Conditioning Gaussian measure on Hilbert space

Abstract: For a Gaussian measure on a separable Hilbert space with covariance operator $C$, we show that the family of conditional measures associated with conditioning on a closed subspace $S^{\perp}$ are Gaussian with covariance operator the short $\mathcal{S}(C)$ of the operator $C$ to $S$. We provide two proofs. The first uses the theory of Gaussian Hilbert spaces and a characterization of the shorted operator by Andersen and Trapp. The second uses recent developments by Corach, Maestripieri and Stojanoff on the relationship between the shorted operator and $C$-symmetric oblique projections onto $S^{\perp}$. To obtain the assertion when such projections do not exist, we develop an approximation result for the shorted operator by showing, for any positive operator $A$, how to construct a sequence of approximating operators $A^{n}$ which possess $A^{n}$-symmetric oblique projections onto $S^{\perp}$ such that the sequence of shorted operators $\mathcal{S}(A^{n})$ converges to $\mathcal{S}(A)$ in the weak operator topology.

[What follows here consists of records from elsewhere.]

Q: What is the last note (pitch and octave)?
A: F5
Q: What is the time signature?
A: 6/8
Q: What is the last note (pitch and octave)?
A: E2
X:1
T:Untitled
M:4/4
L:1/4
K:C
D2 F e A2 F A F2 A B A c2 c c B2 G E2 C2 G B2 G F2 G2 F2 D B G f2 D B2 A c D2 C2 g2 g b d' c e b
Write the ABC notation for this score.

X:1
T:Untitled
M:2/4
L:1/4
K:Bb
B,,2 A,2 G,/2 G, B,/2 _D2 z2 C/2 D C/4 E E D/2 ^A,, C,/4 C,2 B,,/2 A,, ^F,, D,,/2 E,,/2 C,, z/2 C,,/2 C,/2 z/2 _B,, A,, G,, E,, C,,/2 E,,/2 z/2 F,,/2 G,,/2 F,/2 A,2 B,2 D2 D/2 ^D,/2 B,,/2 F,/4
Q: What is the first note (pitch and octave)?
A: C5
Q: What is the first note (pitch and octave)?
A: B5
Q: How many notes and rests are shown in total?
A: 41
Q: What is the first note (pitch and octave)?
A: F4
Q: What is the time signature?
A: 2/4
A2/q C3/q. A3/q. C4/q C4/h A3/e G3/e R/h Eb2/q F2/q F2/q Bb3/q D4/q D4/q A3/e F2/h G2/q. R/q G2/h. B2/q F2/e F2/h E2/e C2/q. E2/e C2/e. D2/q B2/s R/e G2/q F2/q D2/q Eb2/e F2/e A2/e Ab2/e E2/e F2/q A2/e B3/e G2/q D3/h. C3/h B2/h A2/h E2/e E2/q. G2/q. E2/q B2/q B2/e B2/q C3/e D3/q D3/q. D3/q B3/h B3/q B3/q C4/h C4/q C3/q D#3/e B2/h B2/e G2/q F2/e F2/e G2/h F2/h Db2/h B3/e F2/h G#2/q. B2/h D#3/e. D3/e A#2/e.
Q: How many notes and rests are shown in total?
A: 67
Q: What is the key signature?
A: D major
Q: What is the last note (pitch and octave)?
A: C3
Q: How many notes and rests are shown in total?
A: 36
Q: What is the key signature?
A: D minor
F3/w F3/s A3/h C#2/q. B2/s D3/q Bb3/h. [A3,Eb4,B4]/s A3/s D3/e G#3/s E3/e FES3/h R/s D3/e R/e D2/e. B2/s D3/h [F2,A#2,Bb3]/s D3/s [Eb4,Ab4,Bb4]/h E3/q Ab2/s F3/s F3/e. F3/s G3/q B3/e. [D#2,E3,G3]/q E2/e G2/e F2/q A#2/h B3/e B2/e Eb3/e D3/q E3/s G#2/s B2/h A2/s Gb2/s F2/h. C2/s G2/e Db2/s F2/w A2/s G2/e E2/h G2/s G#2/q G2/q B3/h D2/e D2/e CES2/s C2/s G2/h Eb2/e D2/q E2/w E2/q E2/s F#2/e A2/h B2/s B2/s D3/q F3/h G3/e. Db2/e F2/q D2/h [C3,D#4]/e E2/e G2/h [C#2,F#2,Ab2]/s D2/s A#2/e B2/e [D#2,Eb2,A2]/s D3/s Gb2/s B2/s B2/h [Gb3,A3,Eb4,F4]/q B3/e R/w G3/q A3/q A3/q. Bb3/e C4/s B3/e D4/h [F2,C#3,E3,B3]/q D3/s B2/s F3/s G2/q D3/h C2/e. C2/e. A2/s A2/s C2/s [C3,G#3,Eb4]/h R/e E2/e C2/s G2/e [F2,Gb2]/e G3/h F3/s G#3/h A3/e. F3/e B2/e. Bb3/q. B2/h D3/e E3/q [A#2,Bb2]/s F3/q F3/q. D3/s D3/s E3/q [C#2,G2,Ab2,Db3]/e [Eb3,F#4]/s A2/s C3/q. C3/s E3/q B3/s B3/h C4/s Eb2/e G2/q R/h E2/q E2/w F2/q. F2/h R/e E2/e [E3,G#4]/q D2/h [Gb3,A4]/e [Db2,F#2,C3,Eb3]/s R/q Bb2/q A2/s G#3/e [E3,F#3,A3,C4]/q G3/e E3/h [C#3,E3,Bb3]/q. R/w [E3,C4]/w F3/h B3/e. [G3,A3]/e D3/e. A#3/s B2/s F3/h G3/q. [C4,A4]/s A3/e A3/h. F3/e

This result combined with the martingale convergence of random variables associated with the corresponding approximations $C^{n}$ establishes the main assertion in general. Moreover, it in turn strengthens the approximation theorem for shorted operator when the operator is trace class; then the sequence of shorted operators $\mathcal{S}(A^{n})$ converges to $\mathcal{S}(A)$ in trace norm.